Il y apparaît que les Etats Unis seraient dans la moyenne, avec donc une mobilité
plus élevée que la France. Cela semble contredire deux articles récents (3) que
l’on doit à des économistes de Harvard. Ces articles montrent que le degré de
mobilité intergénérationnelle américain est inférieur à celui de quelques
autres pays européens dont la France. La probabilité qu’un enfant né dans le
quintile le plus bas de la distribution des revenus aux Etats-Unis parvienne à
se hisser dans l’un des deux plus hauts quintiles est de 20 %, alors
qu’elle est de 24 % en France et de 28 % en Suède. Ces différences de
résultats s’expliquent par la méthodologie et l’échantillon qui ne sont pas les
mêmes d’une étude à l’autre.
L’intérêt
de ces articles est qu’ils contrastent réalité et perception. En dépit d’une mobilité
plus faible, les Américains sont convaincus que la mobilité
intergénérationnelle est plus forte dans leur pays qu’en Europe. Au contraire,
les Français ont tendance à surestimer la proportion d’enfants nés dans le plus
bas quintile de la distribution des revenus qui ne réussiront pas, une fois
adultes, à sortir de la pauvreté. Cette proportion est de 29,2% en France alors
qu’elle passe à 32,2% aux Etats Unis. En revanche, la proportion perçue tombe à
30,6% aux Etats Unis et s’élève à 35,3% en France. On retrouve les mêmes
retournements de situations pour toutes les (im)mobilités envisageables. Ainsi
donc contre toute évidence, le rêve Américain resterait vivant.
Les
chercheurs de Harvard reconnaissent cependant que cet écart entre réalité et
perception tend à diminuer, ce qui pourrait expliquer une certaine demande de
redistribution que l’on retrouve dans les programmes de tous les candidats
démocrates à la présidence.
D'une
génération à l'autre, les perspectives de mobilité sur l'échelle des revenus
sont généralement moins favorables dans les pays caractérisés par de fortes
inégalités de revenu, et plus favorables dans les pays où les inégalités sont
peu marquées.

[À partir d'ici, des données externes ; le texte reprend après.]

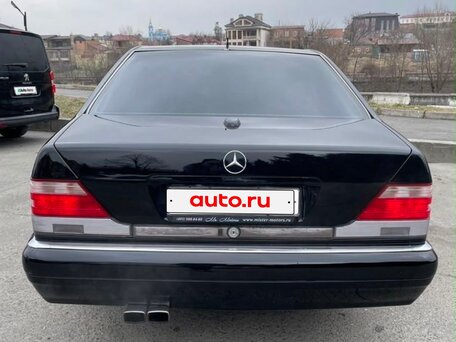 1997 Mercedes-Benz S-Класс 420 III (W140) Рестайлинг, чёрный, 1200000 рублей, вид 3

Les pays nordiques conjuguent mobilité élevée sur l'échelle des
revenus et inégalités faibles, contrairement à certaines économies émergentes
où la mobilité est faible alors que les inégalités sont prononcées. Cette corrélation positive entre les inégalités dans un pays et
l'élasticité intergénérationnelle des revenus
porte le nom de "courbe de Gatsby le Magnifique" ("The
Great Gatsby curve"). Elle fut ainsi nommée par Alan Krueger, un économiste
de Princeton, qui vient de décéder tragiquement. Elle est basée sur les travaux
du canadien Miles Corak (4).
Cette relation positive entre mobilité sociale et égalité
des revenus est à prendre avec prudence pour deux raisons. D’abord, les
comparaisons internationales de telles données sont discutables. Ensuite, il
apparaît que les instruments qui contribuent à réduire les inégalités de
revenus peuvent aussi réduire la mobilité sociale.
Les Américains sont donc
excessivement optimistes et les Européens excessivement pessimistes quant à la
mobilité intergénérationnelle. Ces points de vue peuvent expliquer les différences
d’attentes que les uns et les autres peuvent avoir vis-à-vis de l’Etat et
de sa politique redistributive. Le manque de perspectives que l’on ressent pour
soi et pour ses enfants peut expliquer en partie la fracture sociale et ses conséquences
politiques. La classe moyenne inferieure a le sentiment d’être bloquée dans une
spirale de déclassement (5) aux effets dévastateurs. La fracture sociale n’est en effet pas une réalité
statique. Pour une partie de la population la
croissance des inégalités, la mobilité descendante, l’écrasement du pouvoir
d’achat des salaires face à l’augmentation des prix des biens immobiliers, la
paupérisation de cohortes entières de jeunes surdiplômés et la globalisation financière
forment un ensemble explosif. Cet ensemble la pousse a une exaspération devant
laquelle les pouvoirs publics semblent désarmés.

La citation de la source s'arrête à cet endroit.